**DATASET EXTRACT:**
┄┄┄┄┄┄
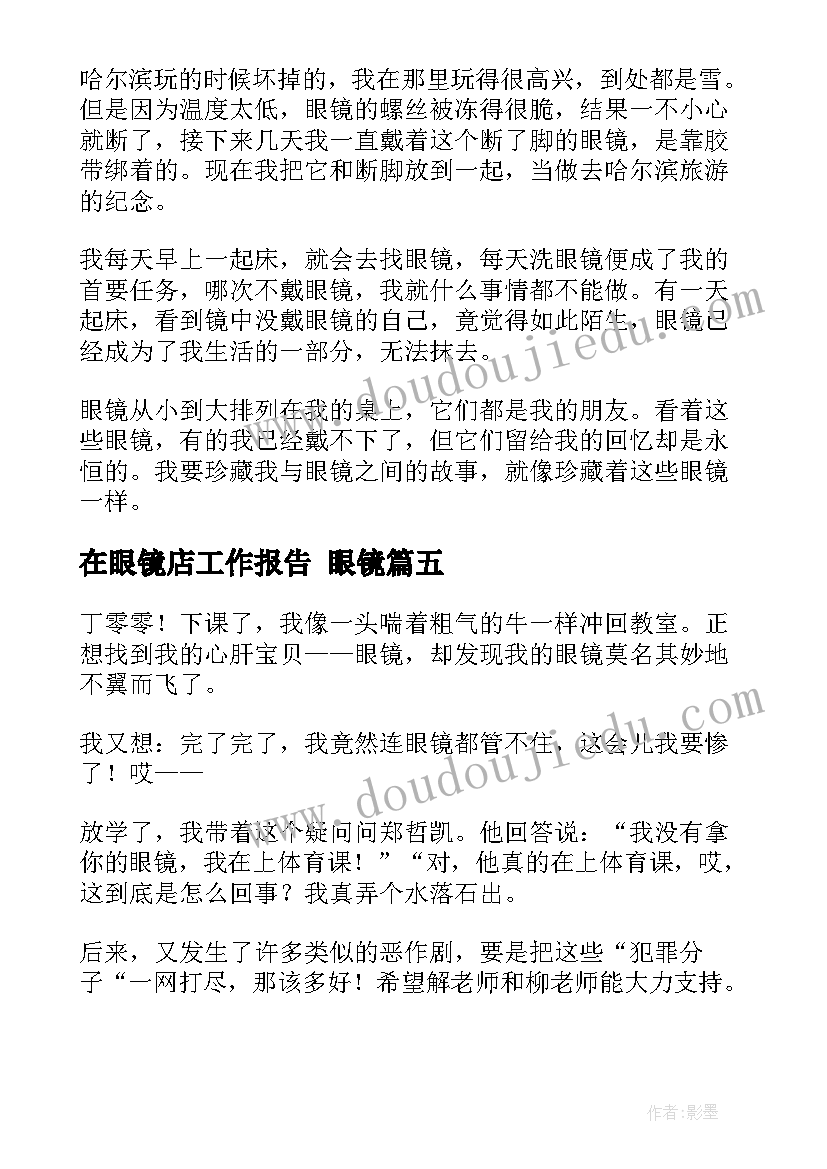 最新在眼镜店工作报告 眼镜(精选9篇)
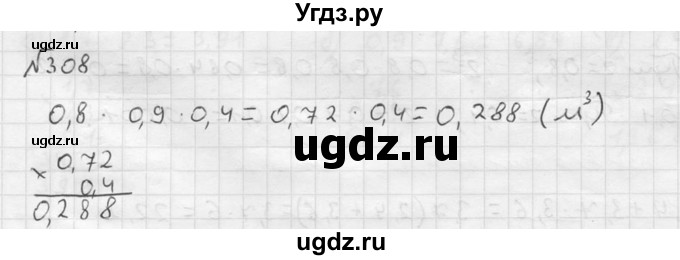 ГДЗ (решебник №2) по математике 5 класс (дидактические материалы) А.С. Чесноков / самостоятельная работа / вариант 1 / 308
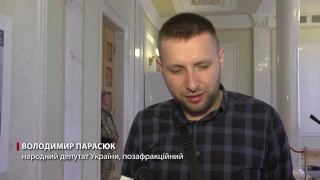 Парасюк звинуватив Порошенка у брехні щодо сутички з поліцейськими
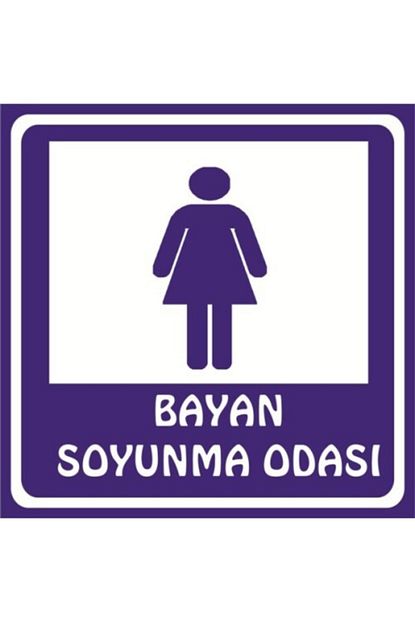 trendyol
┄┄┄┄┄┄
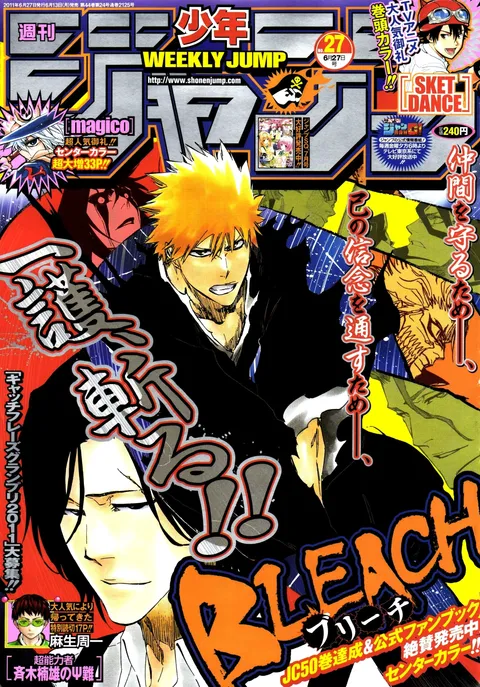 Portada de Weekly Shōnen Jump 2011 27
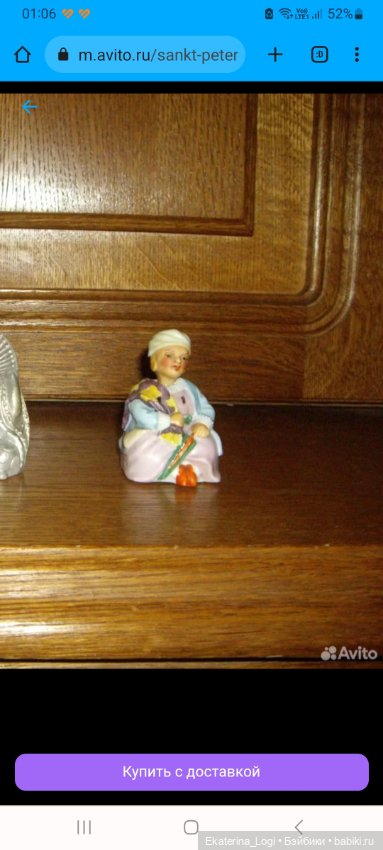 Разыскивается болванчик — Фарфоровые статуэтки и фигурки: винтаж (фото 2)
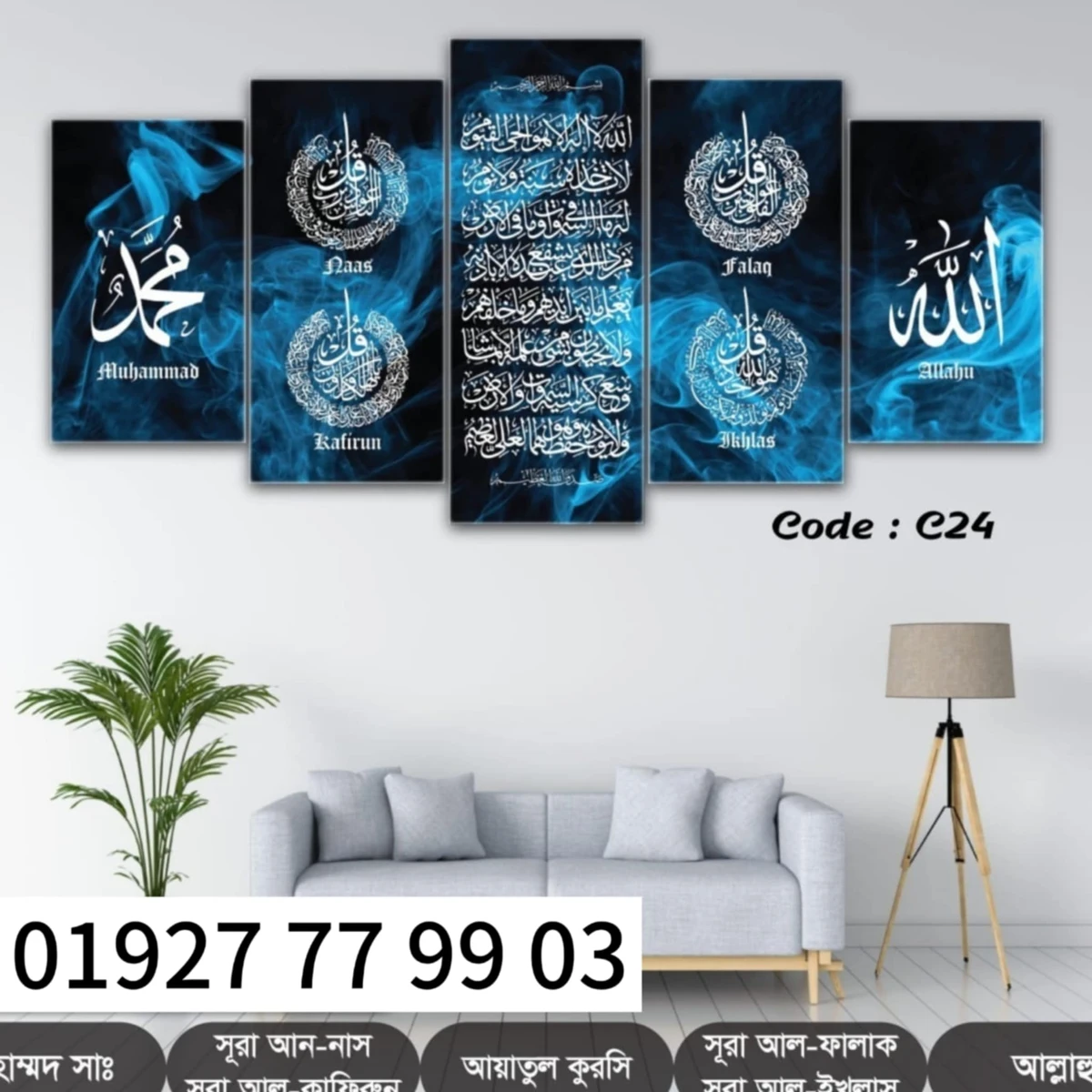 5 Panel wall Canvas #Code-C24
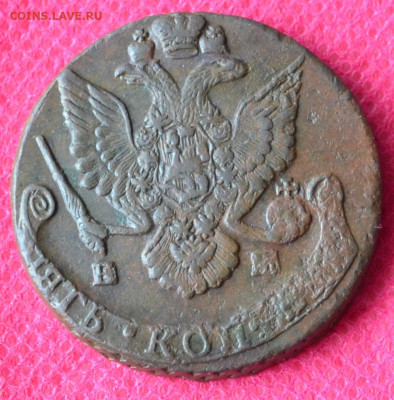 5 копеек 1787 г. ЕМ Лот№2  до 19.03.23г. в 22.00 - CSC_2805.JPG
┄┄┄┄┄┄
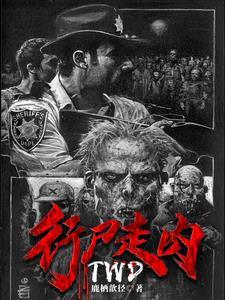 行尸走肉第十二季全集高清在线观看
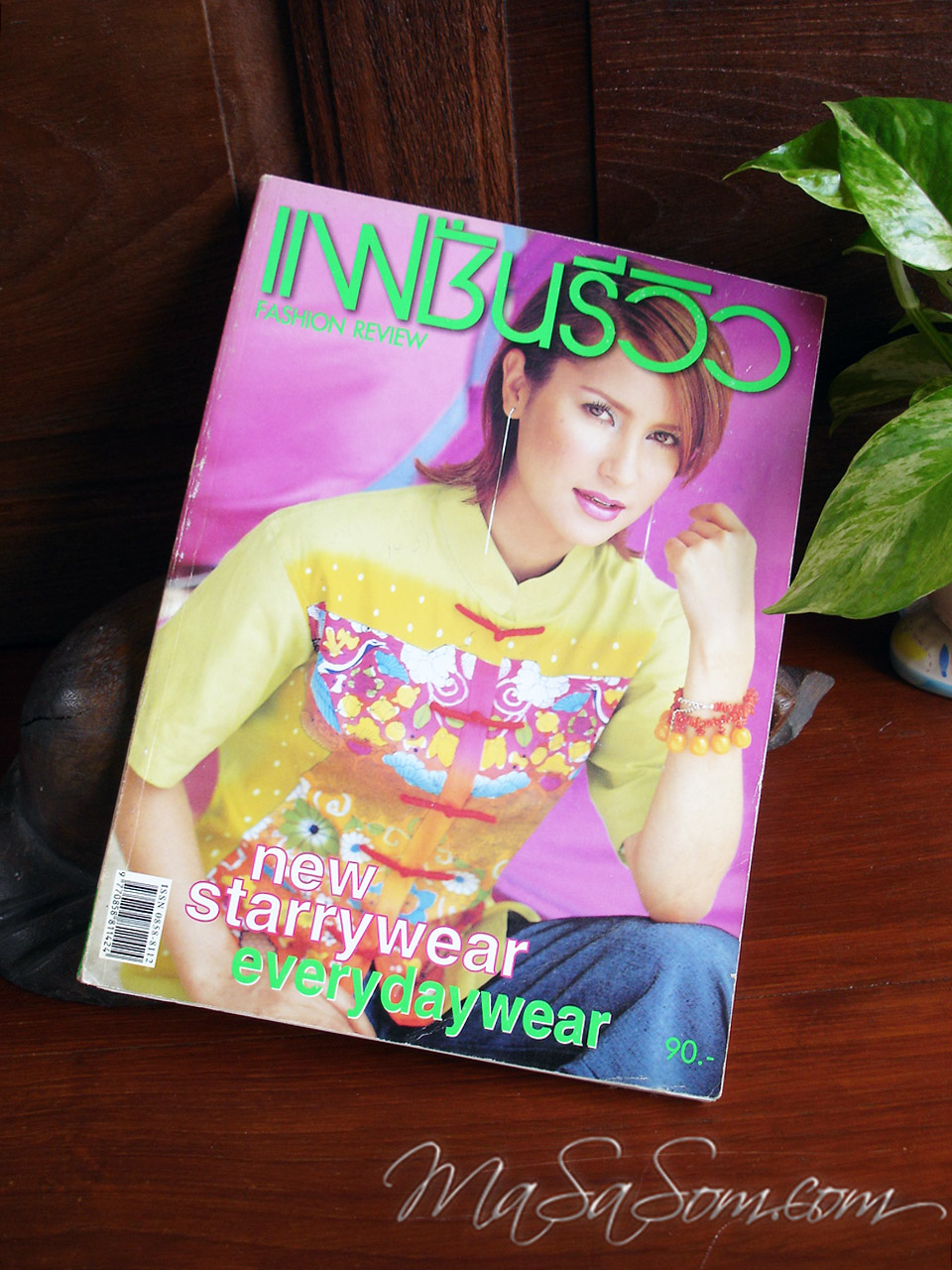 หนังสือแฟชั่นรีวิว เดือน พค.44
┄┄┄┄┄┄
**WHAT YOU SHOULD DO:** Going by the data above, give back only the lines from the one containing "Portada de Weekly Shōnen Jump 2011 27" through the one containing "5 копеек 1787", exactly as they stand, both ends included and no images.

**WRITTEN RESPONSE:**
 Portada de Weekly Shōnen Jump 2011 27
 Разыскивается болванчик — Фарфоровые статуэтки и фигурки: винтаж (фото 2)
 5 Panel wall Canvas #Code-C24
 5 копеек 1787 г. ЕМ Лот№2  до 19.03.23г. в 22.00 - CSC_2805.JPG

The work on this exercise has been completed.